In geometry, a pyramid is a polyhedron formed by connecting a polygonal base and a point (vertex). Pyramids are generally classified by their bases. The pyramids have square bases, are called square pyramids, a hexagonal pyramid has a base that is a hexagon and the pyramids have triangular bases called as triangular pyramids, and so on. Triangular pyramid have three triangles meet at a common point, called apex, which come off of a common triangular base..

A triangular pyramid is a three -dimension figure with three faces that are triangles and base that is again a triangle.

## What is a Triangular Pyramid

A pyramid is described by the shape of its base. A pyramid having triangular base is called as a triangular pyramid. A triangular pyramid is a pyramid having a triangular base. The tetrahedron is a triangular pyramid having congruent equilateral triangles for each of its faces.

## Volume of a Triangular Pyramid

Triangular pyramid is a three-dimensional figure with four triangular bases. The volume of a pyramid in cubic units.

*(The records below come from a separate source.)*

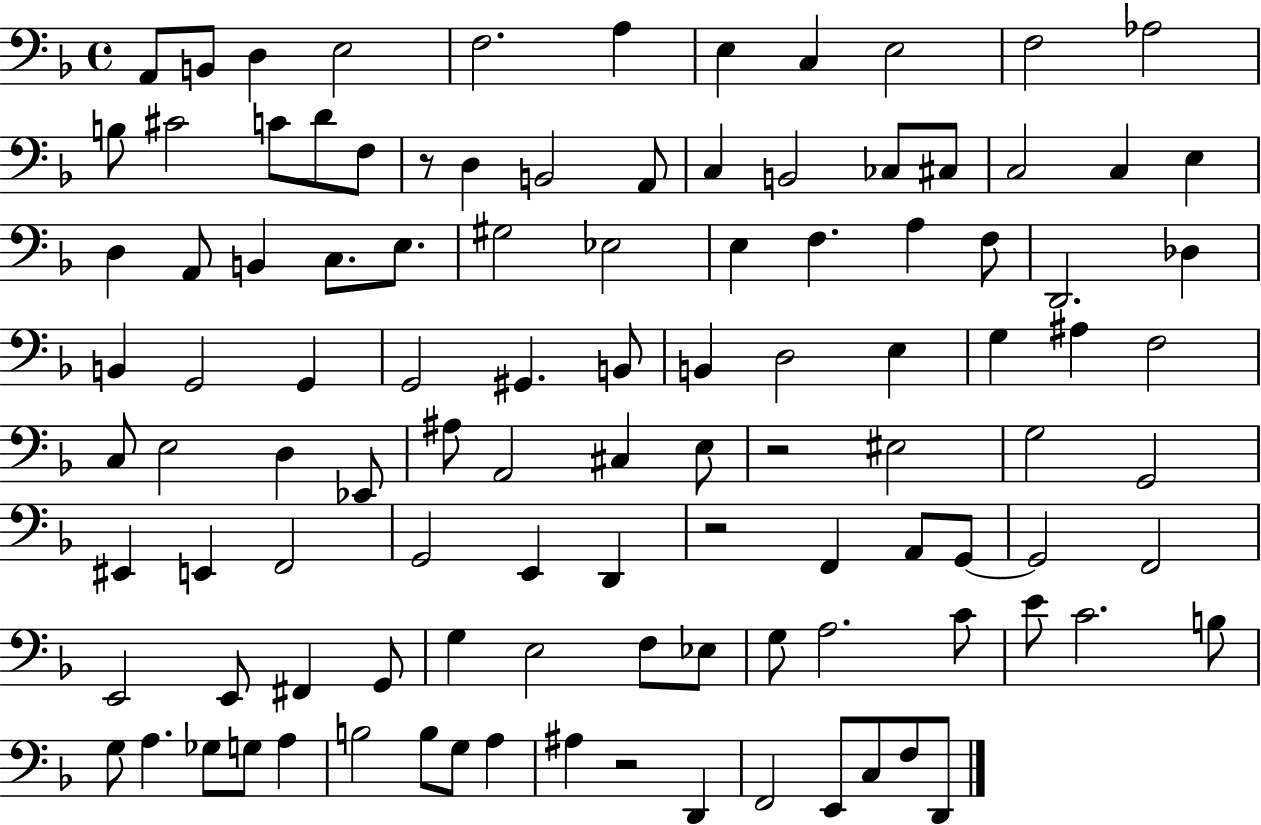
A2/e B2/e D3/q E3/h F3/h. A3/q E3/q C3/q E3/h F3/h Ab3/h B3/e C#4/h C4/e D4/e F3/e R/e D3/q B2/h A2/e C3/q B2/h CES3/e C#3/e C3/h C3/q E3/q D3/q A2/e B2/q C3/e. E3/e. G#3/h Eb3/h E3/q F3/q. A3/q F3/e D2/h. Db3/q B2/q G2/h G2/q G2/h G#2/q. B2/e B2/q D3/h E3/q G3/q A#3/q F3/h C3/e E3/h D3/q Eb2/e A#3/e A2/h C#3/q E3/e R/h EIS3/h G3/h G2/h EIS2/q E2/q F2/h G2/h E2/q D2/q R/h F2/q A2/e G2/e G2/h F2/h E2/h E2/e F#2/q G2/e G3/q E3/h F3/e Eb3/e G3/e A3/h. C4/e E4/e C4/h. B3/e G3/e A3/q. Gb3/e G3/e A3/q B3/h B3/e G3/e A3/q A#3/q R/h D2/q F2/h E2/e C3/e F3/e D2/e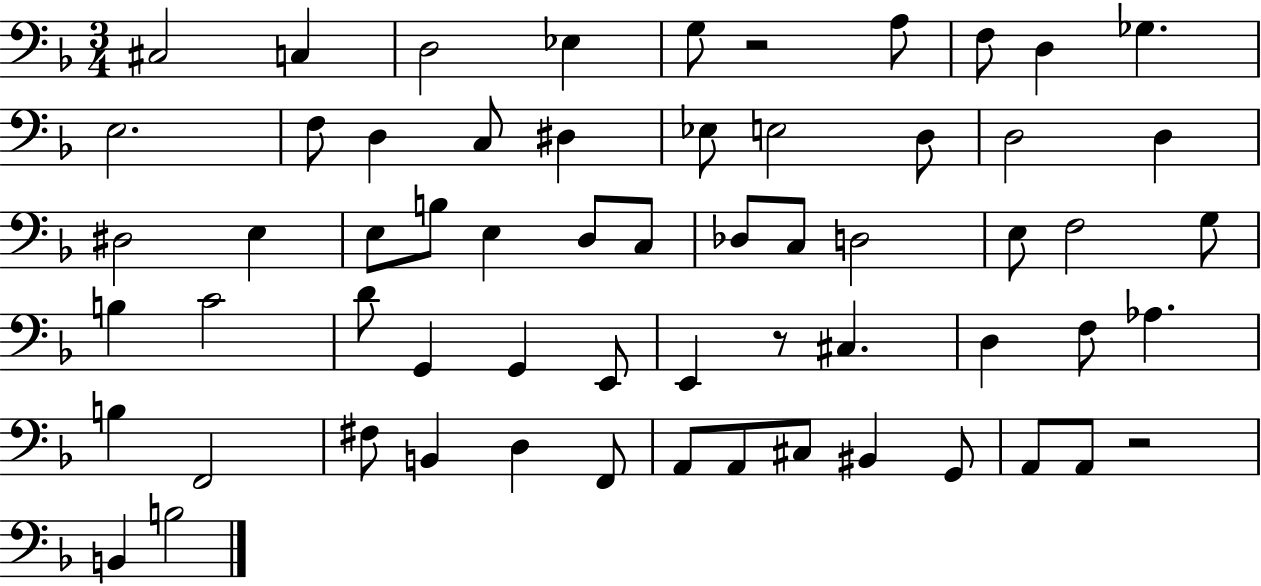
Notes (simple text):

C#3/h C3/q D3/h Eb3/q G3/e R/h A3/e F3/e D3/q Gb3/q. E3/h. F3/e D3/q C3/e D#3/q Eb3/e E3/h D3/e D3/h D3/q D#3/h E3/q E3/e B3/e E3/q D3/e C3/e Db3/e C3/e D3/h E3/e F3/h G3/e B3/q C4/h D4/e G2/q G2/q E2/e E2/q R/e C#3/q. D3/q F3/e Ab3/q. B3/q F2/h F#3/e B2/q D3/q F2/e A2/e A2/e C#3/e BIS2/q G2/e A2/e A2/e R/h B2/q B3/h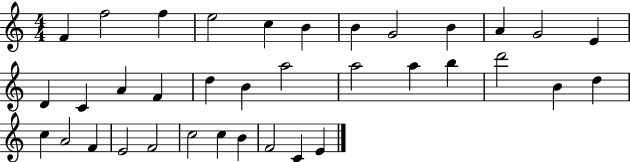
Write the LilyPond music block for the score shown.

{
  \clef treble
  \numericTimeSignature
  \time 4/4
  \key c \major
  f'4 f''2 f''4 | e''2 c''4 b'4 | b'4 g'2 b'4 | a'4 g'2 e'4 | \break d'4 c'4 a'4 f'4 | d''4 b'4 a''2 | a''2 a''4 b''4 | d'''2 b'4 d''4 | \break c''4 a'2 f'4 | e'2 f'2 | c''2 c''4 b'4 | f'2 c'4 e'4 | \break \bar "|."
}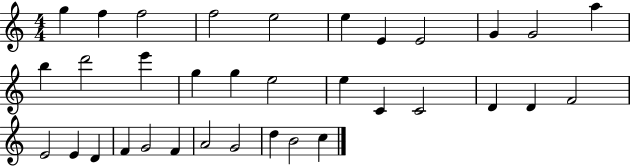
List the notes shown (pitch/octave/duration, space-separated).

G5/q F5/q F5/h F5/h E5/h E5/q E4/q E4/h G4/q G4/h A5/q B5/q D6/h E6/q G5/q G5/q E5/h E5/q C4/q C4/h D4/q D4/q F4/h E4/h E4/q D4/q F4/q G4/h F4/q A4/h G4/h D5/q B4/h C5/q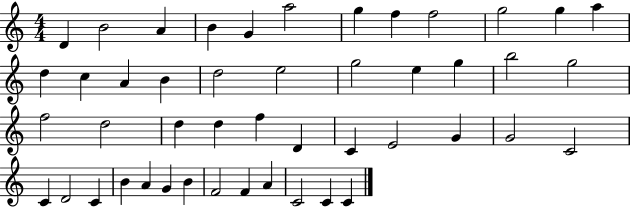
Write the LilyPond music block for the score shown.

{
  \clef treble
  \numericTimeSignature
  \time 4/4
  \key c \major
  d'4 b'2 a'4 | b'4 g'4 a''2 | g''4 f''4 f''2 | g''2 g''4 a''4 | \break d''4 c''4 a'4 b'4 | d''2 e''2 | g''2 e''4 g''4 | b''2 g''2 | \break f''2 d''2 | d''4 d''4 f''4 d'4 | c'4 e'2 g'4 | g'2 c'2 | \break c'4 d'2 c'4 | b'4 a'4 g'4 b'4 | f'2 f'4 a'4 | c'2 c'4 c'4 | \break \bar "|."
}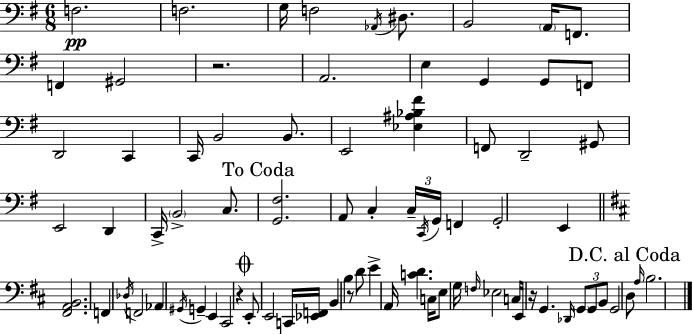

The length of the triangular base is 'a' and 'H' is the height, distance from the base to the apex and 'h' be the slant height.

The volume of a triangular pyramid is:

V = $\frac{1}{3}$ A H

A = Area of the triangular base.

H = Distance from the base to the apex.(Height).

Here
Area of the triangular base (A) = $\frac{1}{2}$ah

=> Volume of Pyramid = $\frac{1}{3}$ * ($\frac{1}{2}$ah) * H

= $\frac{1}{6}$ahH.

Formula:

V = $\frac{1}{6}$ahH

Where,
V = Volume of the triangular pyramid.
a = Side of the triangular base.
h = Slant height or Apothem length.
H = Height of the pyramid, distance from the base to the apex.

Example:

Find the volume of the triangular pyramid with the side 12 cm, slant height 10 cm and height of the pyramid is 17 cm.

Solution:

Step 1:
Side of the triangular base = 12 cm
Slant height of the triangular pyramid = 10 cm
Height of the pyramid (H) = 17 cm

Step 2:

Area of the triangular base = $\frac{1}{2}$base * height

=> A = $\frac{1}{2}$ * 12 * 10

= 60

=> A = 60 cm2

Step 3:

Volume of the triangular pyramid (V) = $\frac{1}{3}$AH

=> V = $\frac{1}{3}$ * 30 * 17

= 170 cm3 .

Hence the volume of the triangular pyramid is 170 cm3 .answer

## Surface Area of a Triangular Pyramid

A Triangular Pyramid is a pyramid having a triangular base. The area of the surfaces of the object is called its surface area. The surface area of a pyramid in square units. The triangular pyramid is one third of a triangular prism of equal base and altitude. The length of the triangular base is 'a' and 'H' is the height, distance from the base to the apex, 'h' be the apothem length and '$l$' is the slant height.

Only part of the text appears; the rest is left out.